Dear all,
Following on from academic literacies where students should be empowered to question the need to mimic academic conventions, we now have to content with more questioning of our assumptions as a person as well as a teacher! To start, how can we not use our own culture as a starting point in our ability to teach, facilitate or coach? I believe it is dependent upon our experiences and dogma how we approach a lesson and the activities we share with the students. We are trained and taught according to our cultural background(s) and accumulate the “baggage” of the linguistic and cultural capital our background entails.
However critical language teaching has opened a black hole for the classroom where everything is “sucked in” to give meaning to the social context which students construct in the classroom rather than dictated due to say, power inequality arising from cultural or gender differences. Like Mike, I find it stimulating.
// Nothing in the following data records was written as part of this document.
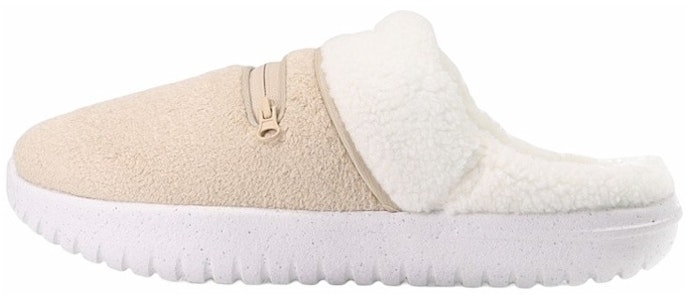 (W) Nike Burrow SE 'Sanddrift' Sepatu Sandal Pria Wanita Sneakers DR8882-100 Buy (W) Nike Burrow SE 'Sanddrift' Sepatu Sandal Pria Wanita Sneakers DR8882-100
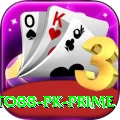 Jeeto88 PK Prime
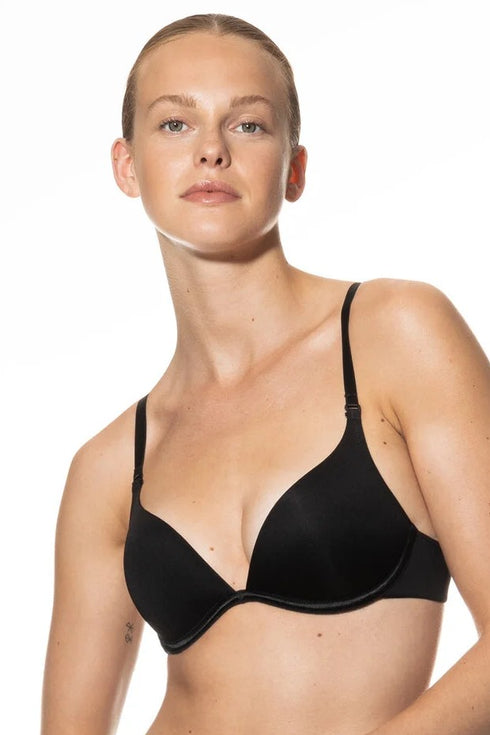 Mey Serie Joan Push-up Bra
Simply because, it allows us as teachers to be receptive as well, not just the students, to issues that arise in the classroom.
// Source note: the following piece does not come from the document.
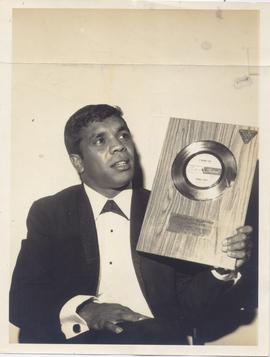 Australian World Boxing C...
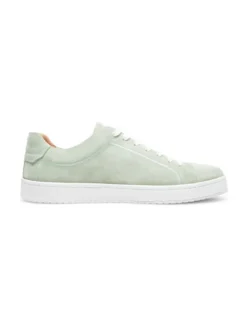 N91 Herren Sneaker – Original Draft M BE in mint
Street (2001) as cited in Canagarajah (2005) has conducted studies and notes how literacy pedagogical practices do not meet the students’ local usage and purpose. Further the students take what they want from the lessons and adapt it to their particular situation, it clearly suggests, whatever materials, or curriculum we are teaching require us to adapt to be relevant and appropriate to the needs of the learner. This is reinforced by addressing or at least thinking of the broader contexts and issues that exist in the world such as power and inequalities alongside the micro issues of connecting TESOL with the world it exist in (Pennycook,1999). Interestingly I can give many instances where the native speakers where I work take a position of power as they believe in their superiority over the non-native speaker, or more subtle the belief that the process approach to teaching is superior to product based approach without considering the students’ learning style or needs.
Therefore thinking about issues of race, class, gender, sexuality and violence assist in making our teaching role more engaging and enriching for all concerned. Although the experience we encounter from trial and error I believe are equally enriching. Mike has provided some fantastic experiences for any teacher’s memoirs. I have not experienced the need to have my soul saved but would try to learn from any such experience to understand differences that exist and sometimes implicitly ignored.
L8tr
Albert
References
Canagarajah, S. (2005). Critical pedagogy in L2 learning and teaching. In E. Hinkel (Ed.) Handbook of research in second language teaching and learning (pp.931-949). Mahwah:Lawerence Erlbaum.
Pennycook, A.(1999). Introduction: Critical approaches to TESOL. TESOL Quarterly 33(3).